El Portal de Belén. El Hijo de Dios, pese a su grandeza, ha venido al mundo en medio de la más absoluta pobreza, en el silencio y la soledad del campo, pobre entre los pobres. La celebración de la Navidad no nos propone únicamente valores como la humildad y la pobreza del Señor, su benevolencia y amor a los hombres; sino que más bien es la invitación a dejarse transformar por el mismo Dios hecho carne. En este Niño, Dios se ha hecho tan próximo a cada uno de nosotros, tan cercano, que podemos tratarlo de “Tú” y mantener con Él una relación de profundo afecto, como hacemos cuando nos encontramos con un recién nacido.

El anuncio del Ángel a los pastores. Aquellos trabajadores del campo recibieron el anuncio del Ángel de que había nacido su Salvador. En medio de la oscuridad de la noche, la luz les ilumina, comunicándoles la Buena Nueva. Tras el miedo inicial y el temor de Dios, los pastores escuchan las palabras de su mensajero. Tras esto, un coro del ejército celestial entona el Gloria, deseando la paz entre los hombres. Los pastores comprenden así que el Mesías tanto tiempo deseado, estaba allí, entre ellos, los más humildes. Ahora piensa: ¿sentimos nosotros necesidad de un Salvador?

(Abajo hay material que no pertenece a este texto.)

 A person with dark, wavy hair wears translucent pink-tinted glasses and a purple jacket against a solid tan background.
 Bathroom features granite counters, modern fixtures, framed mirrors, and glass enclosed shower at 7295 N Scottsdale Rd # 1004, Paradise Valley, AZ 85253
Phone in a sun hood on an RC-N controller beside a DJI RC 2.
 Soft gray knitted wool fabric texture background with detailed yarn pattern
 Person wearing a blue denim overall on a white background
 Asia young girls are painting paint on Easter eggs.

Los pastores van a adorar al Niño. Después de las palabras del Ángel, aquellos mismos pastores emprenden raudos una marcha para ver a su Mesías. Quieren contemplarlo con sus ojos, pero también quieren servirle, adorarle, ponerse a sus pies. Al final del camino, siempre está María con el Niño sobre su regazo. Ella de verdad es “refugio de los pecadores”. Ahora todos somos pastores. No es necesario llevar ante el altar un cordero, leche o miel. Adoración es un estilo de vida, una actitud nuestra: ¿cómo reaccionamos nosotros ante la presencia de Dios?

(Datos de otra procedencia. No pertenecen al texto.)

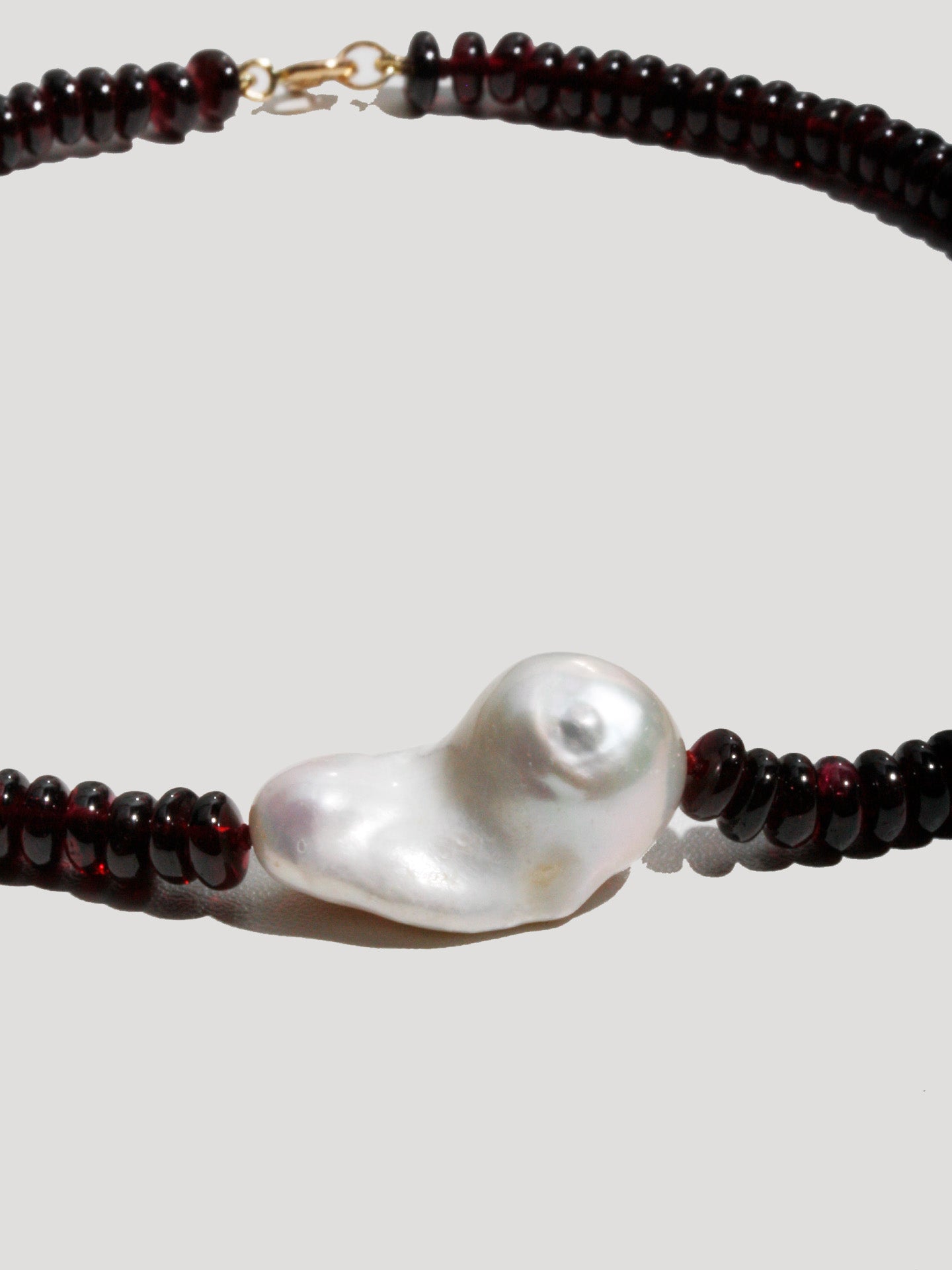Necklace with a large pearl pendant and dark bead chain on a light gray background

La Estrella. Cada Belén tiene su estrella: aquella que guio a los Magos de Oriente hasta el pesebre para adorar al Niño Dios. La estrella nos ilumina a todos “en la noche oscura del alma”, en expresión de San Juan de la Cruz. Su presencia en los Nacimientos es crucial: este astro celeste representa la fe que guía la vida de todo cristiano. Anuncia la Buena Nueva y nos libra de las oscuridades, conduciéndonos hasta la luz más poderosa: la luz de Jesús.

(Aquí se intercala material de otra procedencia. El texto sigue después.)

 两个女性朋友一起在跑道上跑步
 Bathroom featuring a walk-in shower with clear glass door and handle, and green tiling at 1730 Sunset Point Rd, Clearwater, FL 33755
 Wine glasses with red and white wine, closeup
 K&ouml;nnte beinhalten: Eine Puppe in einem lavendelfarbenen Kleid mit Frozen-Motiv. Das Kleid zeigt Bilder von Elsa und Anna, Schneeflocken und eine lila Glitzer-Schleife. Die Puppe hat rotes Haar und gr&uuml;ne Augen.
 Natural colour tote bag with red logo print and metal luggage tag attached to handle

Los Reyes Magos. Para los niños, son los grandes protagonistas de estas fechas. El espíritu consumista que mueve a la sociedad ha acabado por desfigurar el sentido de la presencia de los Magos en la historia de la Natividad. No sólo la gente sencilla quiso adorar a Dios, también los poderosos representantes de las grandes naciones quisieron postrarse ante Jesús en el pesebre. Guiados por la estrella, partieron desde lejanas tierras hasta Belén. No les importó la distancia, ni lo cansado del viaje: querían mostrar sus respetos al Rey de Reyes. Esos personajes no son los últimos, sino los primeros de la gran procesión de aquellos que, a lo largo de las épocas de la Historia, saben reconocer el mensaje de la estrella, y saben encontrar, así, a Aquel que, siendo aparentemente débil y frágil, sin embargo tiene el poder de regalar el gozo más grande al corazón del hombre. Estemos atentos a nuestra estrella de Belén, como estuvieron los Magos.

El castillo de Herodes. Herodes representa la maldad humana: nuestras envidias, nuestro espíritu vengativo, nuestra soberbia. Herodes era vengativo y, al enterarse del posible nacimiento del Mesías, desencadenó una matanza de niños para que nadie pudiera amenazar su trono o el de sus sucesores. Dios acaba de llegar al mundo y el mundo organiza ya su persecución. ¡Así de ciegos estamos en ocasiones los hombres! Los inocentes son los primeros mártires de la Iglesia, pues dieron su vida por Jesús. A nosotros se nos pide que seamos también, en cierto sentido mártires, testigos del amor de Dios. ¿Seríamos capaces de llevar nuestra fe hasta las últimas consecuencias?